(Task description): Write out again, word for word, the lines below from the line that holds "A Short Italian" through the line that holds "Bas Sleeuwenhoek: Het", omitting pictures.

(Source data):
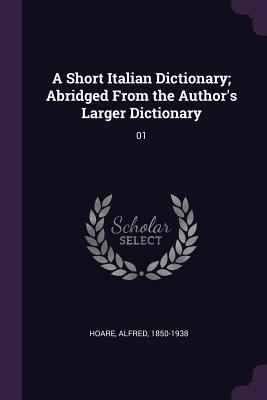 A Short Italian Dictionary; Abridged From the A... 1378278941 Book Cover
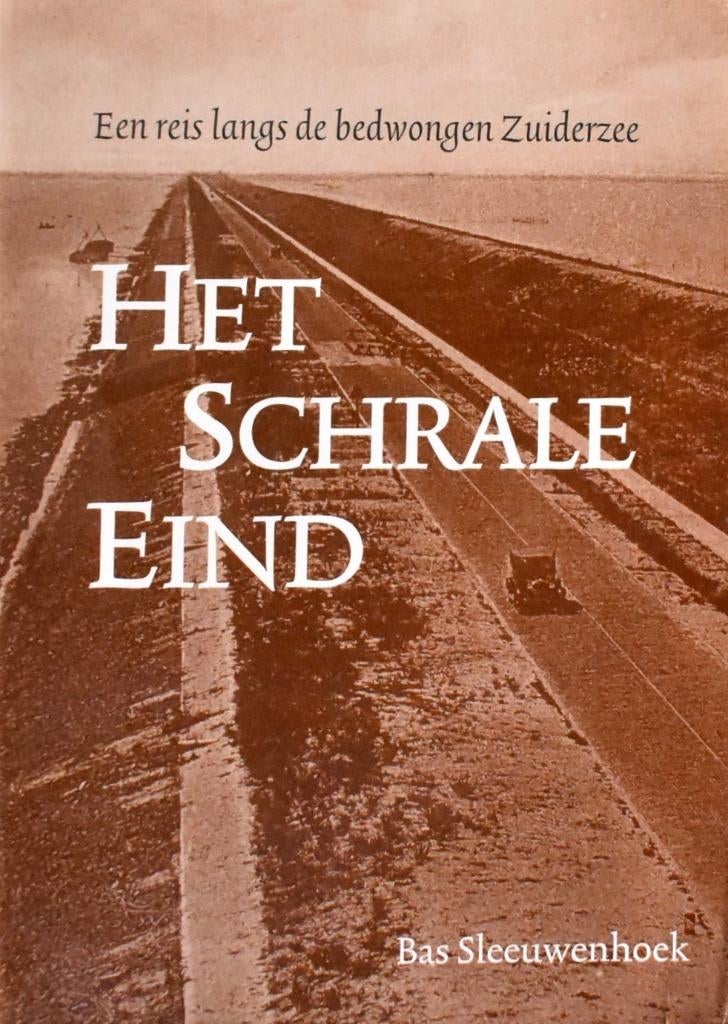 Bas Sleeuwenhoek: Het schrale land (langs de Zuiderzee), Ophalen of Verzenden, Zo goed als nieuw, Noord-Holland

* * *

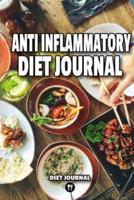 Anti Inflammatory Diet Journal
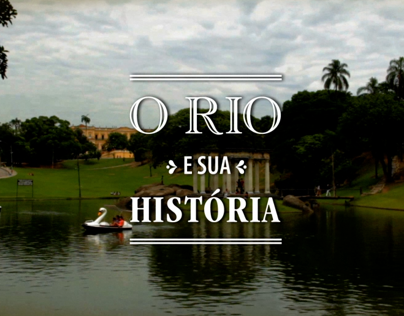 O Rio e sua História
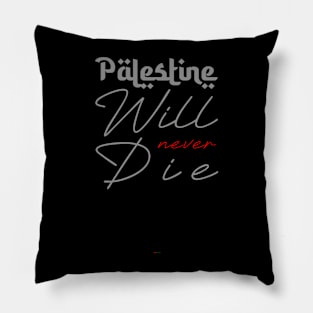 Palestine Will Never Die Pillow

(Result of the task):
 A Short Italian Dictionary; Abridged From the A... 1378278941 Book Cover
 Bas Sleeuwenhoek: Het schrale land (langs de Zuiderzee), Ophalen of Verzenden, Zo goed als nieuw, Noord-Holland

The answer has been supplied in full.